Quuxplusone / LLVMBugzillaTest

0 stars 0 forks source link

Reporting of predicted benefits of vectorisation #30665

Open Quuxplusone opened 7 years ago

Quuxplusone commented 7 years ago
Bugzilla Link PR31691
Status NEW
Importance P normal
Reported by drraph@gmail.com
Reported on 2017-01-19 04:31:52 -0800
Last modified on 2017-01-20 12:04:33 -0800
Version 3.9
Hardware PC Linux
CC anemet@apple.com, drraph@gmail.com, hfinkel@anl.gov, joker.eph@gmail.com, llvm-bugs@lists.llvm.org, llvm-dev@redking.me.uk
Fixed by commit(s)
Attachments
Blocks
Blocked by
See also
When running the Intel Compiler with -qopt-report=4, say, you get told the
expected performance gain from vectorisation, amongst other useful information.
For example,

 LOOP BEGIN at permanent-in-c.c(47,7)
      remark #25045: Fused Loops: ( 47 50 )

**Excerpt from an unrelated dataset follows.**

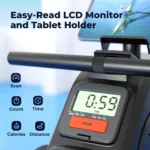 YOSUDA Magnetic Rowing Machine 350 LB Weight Capacity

      remark #15388: vectorization support: reference v has aligned access   [ permanent-in-c.c(48,2) ]
      remark #15388: vectorization support: reference v has aligned access   [ permanent-in-c.c(48,2) ]
      remark #15389: vectorization support: reference M has unaligned access   [ permanent-in-c.c(48,2) ]
      remark #15388: vectorization support: reference v has aligned access   [ permanent-in-c.c(51,8) ]
      remark #15381: vectorization support: unaligned access used inside loop body
      remark #15305: vectorization support: vector length 4
      remark #15399: vectorization support: unroll factor set to 2
      remark #15309: vectorization support: normalized vectorization overhead 0.600
      remark #15301: FUSED LOOP WAS VECTORIZED
      remark #15442: entire loop may be executed in remainder
      remark #15448: unmasked aligned unit stride loads: 1
      remark #15449: unmasked aligned unit stride stores: 1
      remark #15450: unmasked unaligned unit stride loads: 1
      remark #15475: --- begin vector loop cost summary ---
      remark #15476: scalar loop cost: 49
      remark #15477: vector loop cost: 10.000
      remark #15478: estimated potential speedup: 4.580
      remark #15487: type converts: 3
      remark #15488: --- end vector loop cost summary ---
      remark #25456: Number of Array Refs Scalar Replaced In Loop: 2
   LOOP END

gcc also gives you similar if perhaps less useful information.

[...]
vect_model_reduction_cost: inside_cost = 6, prologue_cost = 2, epilogue_cost =
6 .
test2.c:50:9: note: ==> examining statement: j_73 = j_186 + 1;
test2.c:50:9: note: irrelevant.
test2.c:50:9: note: ==> examining statement: if (j_73 < n.2_201)
test2.c:50:9: note: irrelevant.
test2.c:50:9: note: === vect_update_slp_costs_according_to_vf ===
test2.c:50:9: note: cost model: epilogue peel iters set to vf/2 because loop
iterations are unknown .
test2.c:50:9: note: Cost model analysis:
  Vector inside of loop cost: 50
  Vector prologue cost: 8
  Vector epilogue cost: 52
  Scalar iteration cost: 20
  Scalar outside cost: 4
  Vector outside cost: 60
  prologue iterations: 0
  epilogue iterations: 2
  Calculated minimum iters for profitability: 5
test2.c:50:9: note:   Runtime profitability threshold = 4
test2.c:50:9: note:   Static estimate profitability threshold = 4
test2.c:50:9: note: epilog loop required

[...]

It would be great if clang/llvm could provide similar information to the
user/coder.
Quuxplusone commented 7 years ago

Great idea. We should add the predicted-speedups to our vectorizer's optimization remarks.

Quuxplusone commented 7 years ago

Great suggestion! We already report something like this for the inliner but not for the vectorizer.

I think I mentioned this on IRC but we have some other facilities around opt remarks that you might find useful (and provide feedback on ;). See my dev meeting talk (http://llvm.org/devmtg/2016-11/#talk15).